PROBLEM DETAILS: Below are records; please give the number of their lines that contain the string "greens", and only that number.

(Short descriptive text snippets)
══════
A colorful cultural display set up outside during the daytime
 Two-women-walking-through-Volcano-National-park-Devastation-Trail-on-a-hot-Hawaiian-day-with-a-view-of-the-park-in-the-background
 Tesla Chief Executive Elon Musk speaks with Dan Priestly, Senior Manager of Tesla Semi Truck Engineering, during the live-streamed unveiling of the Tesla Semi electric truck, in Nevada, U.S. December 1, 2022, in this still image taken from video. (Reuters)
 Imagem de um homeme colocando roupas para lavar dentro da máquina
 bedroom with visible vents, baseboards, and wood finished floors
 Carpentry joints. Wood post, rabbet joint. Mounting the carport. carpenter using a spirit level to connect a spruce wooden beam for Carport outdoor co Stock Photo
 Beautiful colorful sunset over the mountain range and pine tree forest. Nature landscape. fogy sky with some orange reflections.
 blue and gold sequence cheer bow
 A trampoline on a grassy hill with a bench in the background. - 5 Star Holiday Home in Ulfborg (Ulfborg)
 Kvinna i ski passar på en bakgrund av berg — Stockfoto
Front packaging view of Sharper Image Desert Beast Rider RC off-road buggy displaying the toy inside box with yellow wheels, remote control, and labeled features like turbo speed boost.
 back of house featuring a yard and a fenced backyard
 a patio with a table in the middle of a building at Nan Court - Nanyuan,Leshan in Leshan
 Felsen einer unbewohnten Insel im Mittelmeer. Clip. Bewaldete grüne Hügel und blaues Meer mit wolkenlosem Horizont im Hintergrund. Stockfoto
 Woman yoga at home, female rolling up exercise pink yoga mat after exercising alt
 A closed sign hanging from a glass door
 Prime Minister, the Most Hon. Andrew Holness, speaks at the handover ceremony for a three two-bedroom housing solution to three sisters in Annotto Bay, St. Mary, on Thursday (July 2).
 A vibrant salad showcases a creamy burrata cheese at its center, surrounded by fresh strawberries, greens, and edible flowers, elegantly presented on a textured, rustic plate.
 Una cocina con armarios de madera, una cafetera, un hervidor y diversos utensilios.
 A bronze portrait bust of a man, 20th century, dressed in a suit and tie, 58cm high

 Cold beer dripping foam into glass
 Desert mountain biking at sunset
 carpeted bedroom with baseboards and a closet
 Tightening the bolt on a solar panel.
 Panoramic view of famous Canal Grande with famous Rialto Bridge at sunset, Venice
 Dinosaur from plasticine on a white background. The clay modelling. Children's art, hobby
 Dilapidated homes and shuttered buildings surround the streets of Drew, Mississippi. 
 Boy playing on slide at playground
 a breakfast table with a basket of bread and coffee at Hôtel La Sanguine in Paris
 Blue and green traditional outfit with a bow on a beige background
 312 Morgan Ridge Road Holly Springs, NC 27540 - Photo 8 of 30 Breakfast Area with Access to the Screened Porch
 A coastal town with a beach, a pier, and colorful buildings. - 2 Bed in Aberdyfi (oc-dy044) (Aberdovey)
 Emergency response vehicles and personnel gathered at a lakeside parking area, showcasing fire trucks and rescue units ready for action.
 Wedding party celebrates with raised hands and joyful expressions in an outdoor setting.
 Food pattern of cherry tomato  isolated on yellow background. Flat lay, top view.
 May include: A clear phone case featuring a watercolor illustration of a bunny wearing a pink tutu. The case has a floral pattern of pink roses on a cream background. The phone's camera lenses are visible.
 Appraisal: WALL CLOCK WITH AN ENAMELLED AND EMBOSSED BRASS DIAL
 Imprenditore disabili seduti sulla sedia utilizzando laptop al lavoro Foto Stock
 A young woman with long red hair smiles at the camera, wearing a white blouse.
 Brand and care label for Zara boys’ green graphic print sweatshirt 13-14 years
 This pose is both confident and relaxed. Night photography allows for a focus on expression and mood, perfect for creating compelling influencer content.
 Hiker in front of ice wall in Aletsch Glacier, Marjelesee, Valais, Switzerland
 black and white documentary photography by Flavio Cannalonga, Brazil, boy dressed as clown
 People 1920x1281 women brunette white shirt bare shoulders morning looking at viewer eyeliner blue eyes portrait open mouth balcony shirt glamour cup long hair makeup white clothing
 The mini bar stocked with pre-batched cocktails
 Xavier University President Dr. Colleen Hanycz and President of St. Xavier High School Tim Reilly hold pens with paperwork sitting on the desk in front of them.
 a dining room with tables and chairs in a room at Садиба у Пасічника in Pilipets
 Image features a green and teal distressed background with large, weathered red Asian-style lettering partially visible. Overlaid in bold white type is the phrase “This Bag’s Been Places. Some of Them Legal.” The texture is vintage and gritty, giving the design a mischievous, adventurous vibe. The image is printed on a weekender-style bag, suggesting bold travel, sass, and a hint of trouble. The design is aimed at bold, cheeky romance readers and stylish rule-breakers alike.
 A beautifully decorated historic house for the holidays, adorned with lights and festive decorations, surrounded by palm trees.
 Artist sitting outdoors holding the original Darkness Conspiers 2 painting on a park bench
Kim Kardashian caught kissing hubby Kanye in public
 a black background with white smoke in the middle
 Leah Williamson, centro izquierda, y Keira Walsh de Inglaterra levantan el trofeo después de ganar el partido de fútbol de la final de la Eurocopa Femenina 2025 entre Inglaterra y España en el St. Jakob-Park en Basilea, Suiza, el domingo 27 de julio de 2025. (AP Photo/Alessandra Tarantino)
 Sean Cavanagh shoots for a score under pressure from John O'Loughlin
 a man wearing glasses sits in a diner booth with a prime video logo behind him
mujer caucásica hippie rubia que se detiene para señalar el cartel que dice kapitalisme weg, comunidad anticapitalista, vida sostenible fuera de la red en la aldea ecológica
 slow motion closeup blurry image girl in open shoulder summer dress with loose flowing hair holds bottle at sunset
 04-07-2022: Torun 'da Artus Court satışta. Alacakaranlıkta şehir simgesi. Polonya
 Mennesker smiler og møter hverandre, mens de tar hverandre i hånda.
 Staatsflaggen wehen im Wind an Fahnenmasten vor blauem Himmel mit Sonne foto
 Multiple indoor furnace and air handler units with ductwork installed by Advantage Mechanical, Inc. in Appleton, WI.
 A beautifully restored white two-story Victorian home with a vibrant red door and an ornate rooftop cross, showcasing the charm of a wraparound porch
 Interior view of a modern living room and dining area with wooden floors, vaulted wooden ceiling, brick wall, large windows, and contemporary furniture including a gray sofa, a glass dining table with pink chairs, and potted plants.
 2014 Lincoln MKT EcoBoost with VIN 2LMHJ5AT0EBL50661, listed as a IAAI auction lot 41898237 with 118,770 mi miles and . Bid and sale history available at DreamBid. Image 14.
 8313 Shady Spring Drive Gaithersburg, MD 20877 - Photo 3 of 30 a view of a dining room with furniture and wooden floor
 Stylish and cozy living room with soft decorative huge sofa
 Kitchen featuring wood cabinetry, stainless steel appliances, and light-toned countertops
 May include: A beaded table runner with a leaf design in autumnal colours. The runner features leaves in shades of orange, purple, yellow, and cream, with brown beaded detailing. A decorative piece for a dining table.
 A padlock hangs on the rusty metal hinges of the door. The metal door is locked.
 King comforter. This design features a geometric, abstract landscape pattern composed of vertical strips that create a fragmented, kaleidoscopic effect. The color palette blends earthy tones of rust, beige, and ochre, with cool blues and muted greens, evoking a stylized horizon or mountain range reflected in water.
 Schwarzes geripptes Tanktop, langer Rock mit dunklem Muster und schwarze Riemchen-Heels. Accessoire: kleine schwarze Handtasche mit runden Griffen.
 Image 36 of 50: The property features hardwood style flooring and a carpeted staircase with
══════
RESPONSE: 2